The first day of Pre-AP

The first day of Pre-AP

I will be attending a Pre-AP vertical teaming conference this entire week. I was excited about discussing rigorous classrooms and genuine vertical articulation, but what I found was a lot of talk about giving access to AP classes in Junior and Senior year of high school for all students by giving kids skills to handle AP level work in the middle school. I loved our discussion yesterday about creating equity in our schools. Here are comments, questions, quotes, and group generated writings that I experienced yesterday.

Our group definition for Equity: Access to opportunity with unlimited guidance and support.

We need to eliminate the gatekeepers at our school. They treat learning as an elitist act. You need to socialize students to intelligence. Gatekeepers are teachers who prevent access to learning because they have a problem with a disposition or a type of intelligence.

You don’t have to be the smartest teacher in the world. You simply have to be resourceful.

In order to make sure that kids are prepared, there must be a discussion among teachers about what the expectations will be throughout the years.

Part of learning is failure.

Exposure alone to rigorous curriculum is going to prepare you later in life, as long as the support is there so that students don’t feel like a failure.

Be a talent scout for kids, especially the ones that don’t look like the typical AP-Student.

Strategies are a lifeline for students to be successful in the rigorous classroom.

We should echo students’ language in order to value their background, we should show how our language translates to theirs.

Learning is not a sprint; it is a marathon.

Rubric for Access and Equity

Teachers/Administration Students Parents
4 Actively promote rigorous classes for all students. Are enfranchised to make decisions about appropriately rigorous classes Advocates for an inclusive program and encourages student responsibility
3 Recognize need and working toward greater levels of access for all students Simply Enjoy the diversity Recognize value for all
2 Superficially recognize need, but no action taken (lip-service) Social Expectations Only concerned with own students
1 Gate-Keepers Grade-Grubbing or Apathetic Apathetic or uninformed

Alternate Rubric for Access and Equity

4 3 2 1
Students WANT to enroll in AP courses; there is a waiting list to get in. Teachers actively recruit students to enroll in AP classes An open enrollment policy exists but not many students are interested. Students must all qualify for enrollment in AP classes.
Population of AP classes is diverse Population is diverse Population of ap courses is only partially diverse.

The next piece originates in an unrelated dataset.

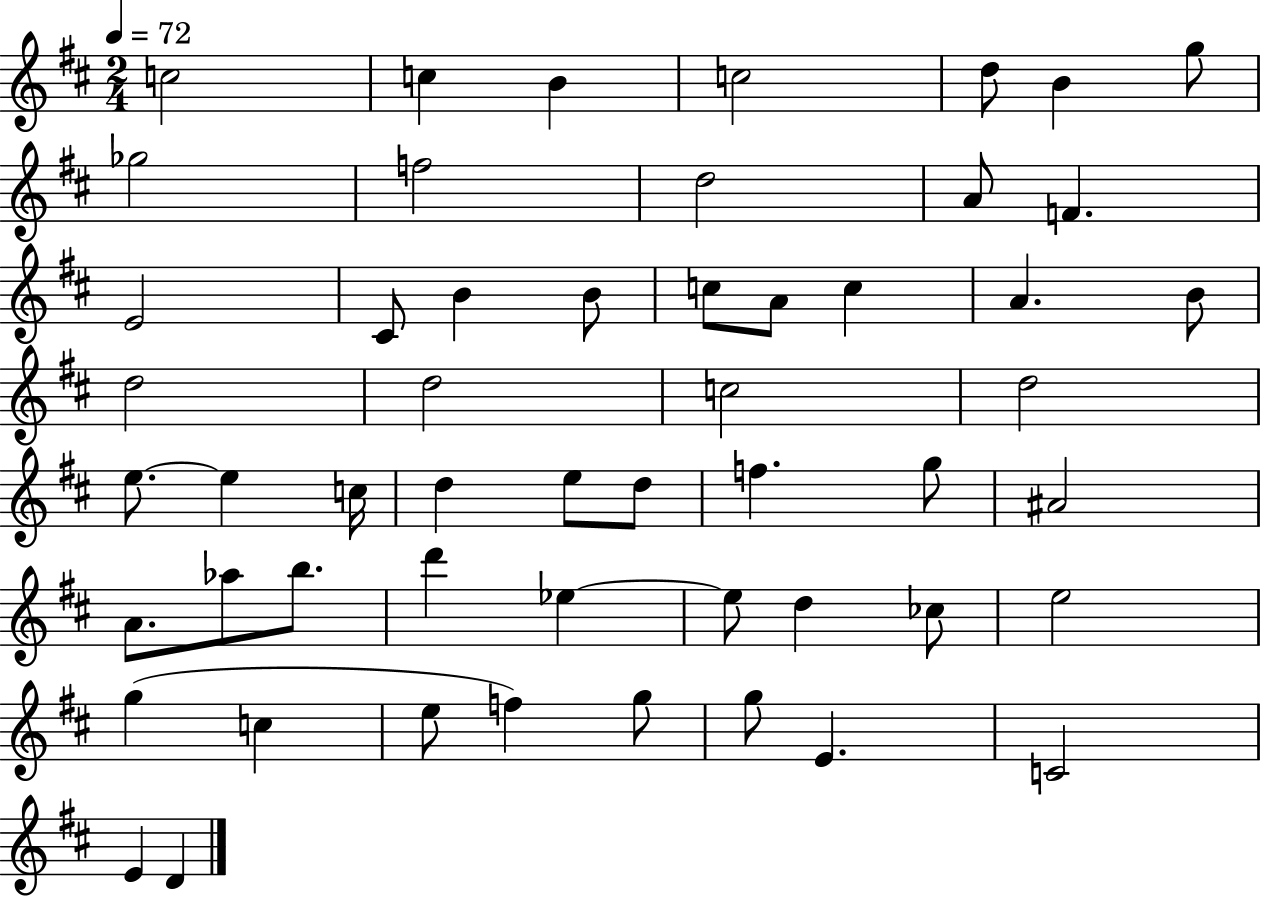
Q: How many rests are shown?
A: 0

Population is elitest
80% of AP students take the AP exam 70% of students take the AP test 60% of students take the AP tests 50% or fewer take test
Resources and support and well established in the building and often used by students Resources are support are available and developing Minimal resources and support available to AP students Little to no support is available for AP students.
AP teachers are given time to collaborate and attend AP training Professional resources are available in building Professional Development resources are available but not well-known or used Teachers research and locate AP info on their own.

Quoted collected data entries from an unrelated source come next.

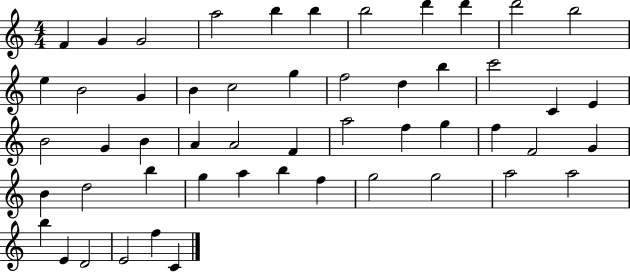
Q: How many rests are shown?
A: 0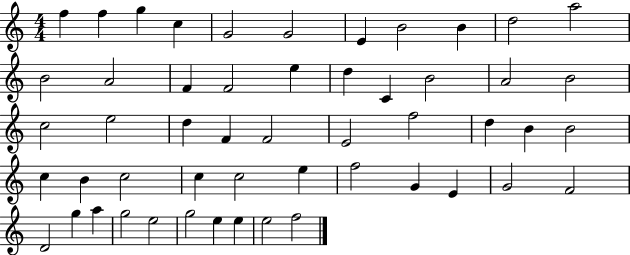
{
  \clef treble
  \numericTimeSignature
  \time 4/4
  \key c \major
  f''4 f''4 g''4 c''4 | g'2 g'2 | e'4 b'2 b'4 | d''2 a''2 | \break b'2 a'2 | f'4 f'2 e''4 | d''4 c'4 b'2 | a'2 b'2 | \break c''2 e''2 | d''4 f'4 f'2 | e'2 f''2 | d''4 b'4 b'2 | \break c''4 b'4 c''2 | c''4 c''2 e''4 | f''2 g'4 e'4 | g'2 f'2 | \break d'2 g''4 a''4 | g''2 e''2 | g''2 e''4 e''4 | e''2 f''2 | \break \bar "|."
}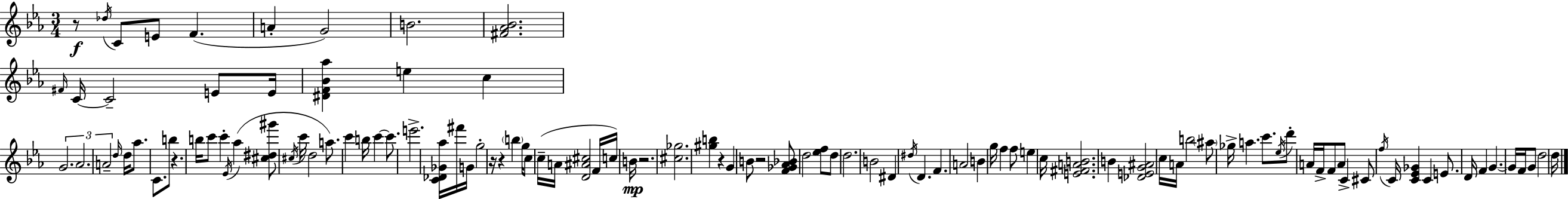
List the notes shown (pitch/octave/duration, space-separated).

R/e Db5/s C4/e E4/e F4/q. A4/q G4/h B4/h. [F#4,Ab4,Bb4]/h. F#4/s C4/s C4/h E4/e E4/s [D#4,F4,Bb4,Ab5]/q E5/q C5/q G4/h. Ab4/h. A4/h D5/s D5/s Ab5/e. C4/e. B5/e R/q. B5/s C6/e C6/q Eb4/s Ab5/q [C#5,D#5,G#6]/e C#5/s C6/s D5/h A5/e. C6/q B5/s C6/q C6/e. E6/h. [C4,Db4,Gb4,Ab5]/s F#6/s G4/s G5/h R/s R/q B5/q G5/s C5/e C5/s A4/s [D4,A#4,C#5]/h F4/s C5/s B4/s R/h. [C#5,Gb5]/h. [G#5,B5]/q R/q G4/q B4/e R/h [F4,Gb4,Ab4,Bb4]/e D5/h [Eb5,F5]/e D5/e D5/h. B4/h D#4/q D#5/s D4/q. F4/q. A4/h B4/q G5/s F5/q F5/e E5/q C5/s [E4,F#4,A4,B4]/h. B4/q [Db4,E4,G4,A#4]/h C5/s A4/s B5/h A#5/e Gb5/s A5/q. C6/e. Eb5/s D6/e A4/s F4/s F4/e A4/e C4/q C#4/e F5/s C4/s [C4,Eb4,Gb4]/q C4/q E4/e. D4/s F4/q G4/q. G4/s F4/s G4/e D5/h D5/s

In elementary school some parents are helicopter parents, but in high school they turn into black hawk down parents.

What does it mean to be in a rigorous classroom? Does it mean that everyone can get an A or a B? How do we communicate this to students/parents?

In order for a rigorous curriculum to take hold and be sustainable, we must have coordinated support from administration, teachers, parents, and community.

Intelligence is not static. It can be honed and solidified with strategies.

Learning is learning no matter where you are or what you are doing, we only attach elitism when it comes to academics.

You cannot laugh at true learning.

There is no such thing as Pre-AP classes. All classes should provide strategies for students to succeed in a rigorous high school and college classroom.

We need students to have a repertoire of automatic strategies. Students should be able to decide for themselves which one is the most appropriate.

If we don’t use our professional development time wisely (taking it back to the classroom) then we are wasting taxpayer dollars and the time of everyone involved.

Do we need to embarrass our reluctant teachers into signing on to engage in collaboration and academically rigorous classes?

Can we get money to work on weekends toward vertical teams?

I know that as a proficient reader, I have developed my own shorthand and language for coding a text. Is it more helpful to have a set list of codes for reading, or is it better to let students make up their own and create a language similar to the way I did?

If you say: Annotate the text, how many kids would actually do it? What would they think that annotating the text means that they should do?

Never put someone down without showing them the way back up.